═══ MATERIAL FOR THIS EXERCISE

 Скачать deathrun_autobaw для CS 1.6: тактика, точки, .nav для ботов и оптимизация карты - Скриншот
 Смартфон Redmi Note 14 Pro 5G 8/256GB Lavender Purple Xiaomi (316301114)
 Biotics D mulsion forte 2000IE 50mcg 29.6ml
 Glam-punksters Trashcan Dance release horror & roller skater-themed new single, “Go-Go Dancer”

══════
═══ MATERIAL FOR THIS EXERCISE

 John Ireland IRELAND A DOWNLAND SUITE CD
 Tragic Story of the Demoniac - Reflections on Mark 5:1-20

══════

● WHAT TO DO
Reproduce the lines above, beginning at the line with "Скачать deathrun_autobaw для" and stopping after the line with "Glam-punksters Trashcan Dance", exactly as they are.

● WORKED SOLUTION
 Скачать deathrun_autobaw для CS 1.6: тактика, точки, .nav для ботов и оптимизация карты - Скриншот
 Смартфон Redmi Note 14 Pro 5G 8/256GB Lavender Purple Xiaomi (316301114)
 Biotics D mulsion forte 2000IE 50mcg 29.6ml
 Glam-punksters Trashcan Dance release horror & roller skater-themed new single, “Go-Go Dancer”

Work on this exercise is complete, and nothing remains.